The response of midlatitude temperature structure to changes in radiative forcing is examined in an analytical energy-balance model that includes parameterized eddy heat fluxes and linear radiative heating. The characteristics of heat-transporting baroclinic waves are determined within the model, while simultaneously allowing the waves to adjust the mean-state static stability and meridional temperature gradient. By changing the radiative equilibrium temperature, the forcing is varied through a very wide range in order to investigate qualitative, limiting behavior of the baroclinic eddy feedbacks. The flux parameterization is based on Charney's continuously stratified, ?-plane model of baroclinic instability and incorporates a parameter which is analogous to the supercriticality (i.e., degree of instability) of the Phillips' two-level model.
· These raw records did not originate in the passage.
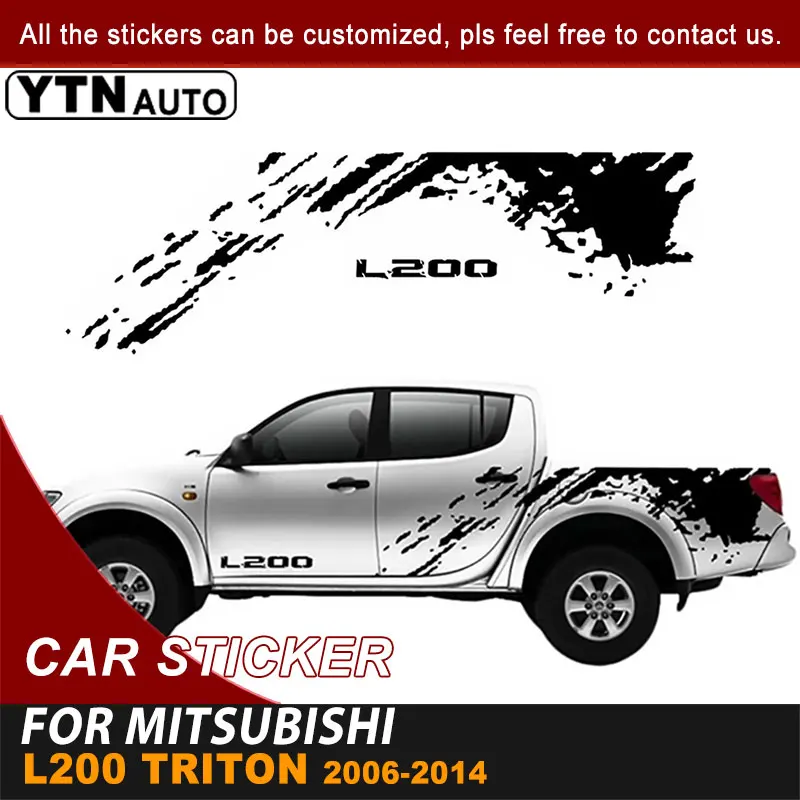 

Side Door Car Stickers Mudslinger Graphic Vinyl Decals For Mitsubishi L200 Triton 2006 2007 2008 2009 2010 2011 2012 2013 2014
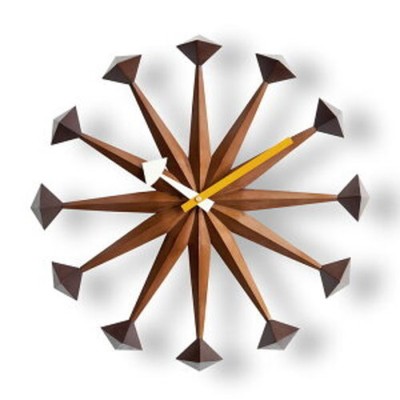 【Unused】George Nelson Polygon Clock Genelic Reproduct DAIVA Walnut Brown Wood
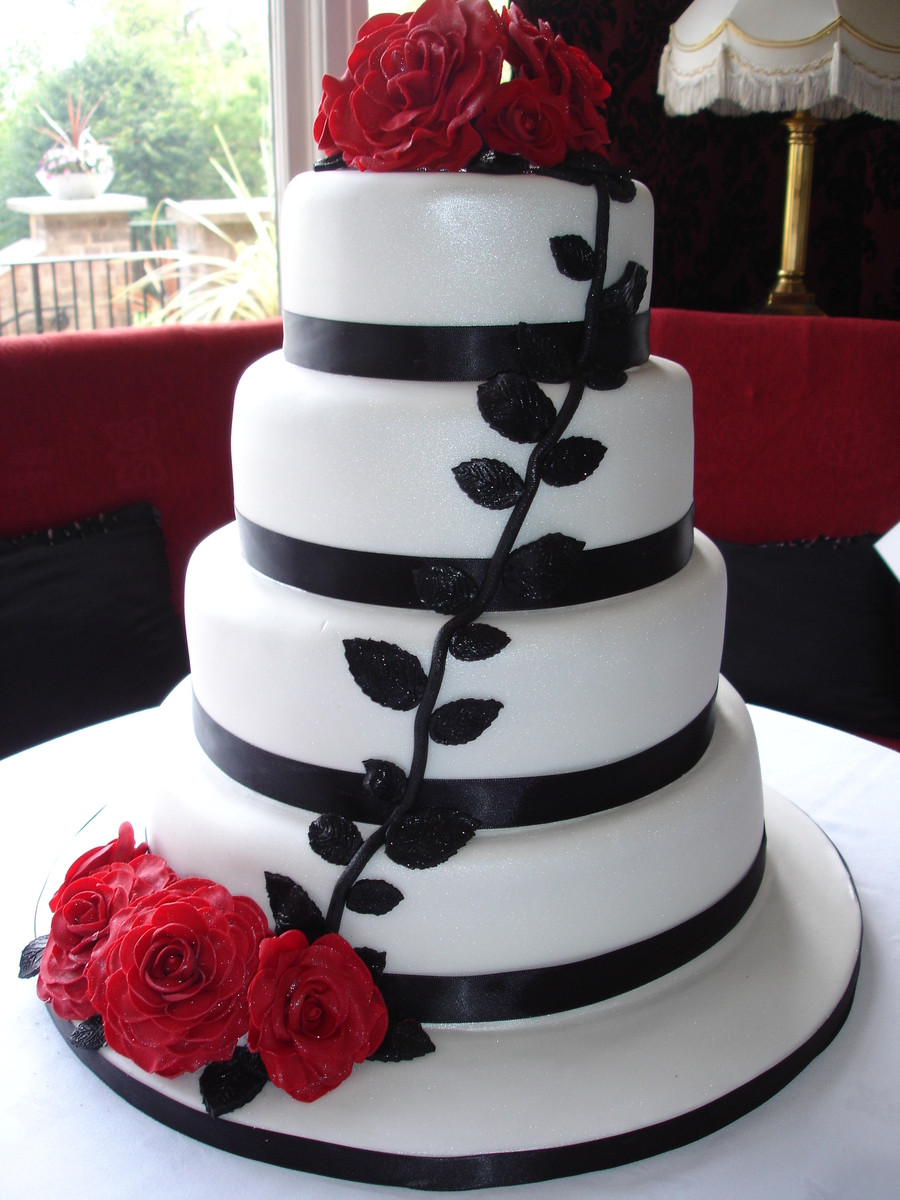 Red Rose Wedding Cakes
 White And Black Wedding Cake With Red Roses CakeCentral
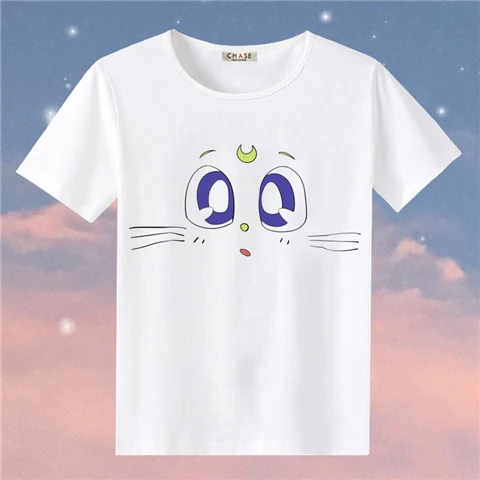 Harajuku Sailor Moon/тонкая детская забавная футболка летние топы с короткими рукавами и рисунком аниме для маленьких девочек, детская школьная одежда Kawaii, От 3 до 15 лет - Цвет: 23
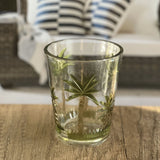 Palm Tree Design Acrylic Glasses (Set of 4) Dof 15Oz, Unbreakable Bpa Free Plastic Tumblers - Clear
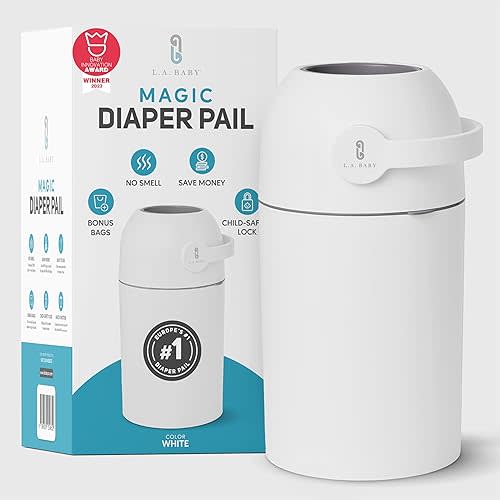 Magic Diaper Pail - Patented 100% Odor-Free System with Child-Safe Lock - Award-Winning Design - No Refills Required - Works with Regular Trash Bags - White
A baroclinic adjustment hypothesis as proposed by other investigators suggests that interaction between baroclinic fluxes and radiative heating keeps the extratropical atmosphere near neutral baroclinic stability, i.e., zero supercriticality. Although the model considered here allows for this feedback, this behavior does not occur. The model meridional temperature gradient is primarily dependent on its radiative equilibrium value and is insensitive to changes in the static stability of radiative equilibrium. The negative feedback between meridional temperature gradient and eddy heat flux is enhanced as the meridional forcing increases and the eddy flux becomes more efficient. Static stability is very sensitive to changes in the meridional forcing reflecting the strong dependence of vertical heat flux on meridional temperature gradient. A comparison of observed seasonal variation of the baroclinic stability parameter with model results suggests that a stabilizing process like moist convection is important in determining the midlatitude static and baroclinic stability during Northern Hemisphere summer.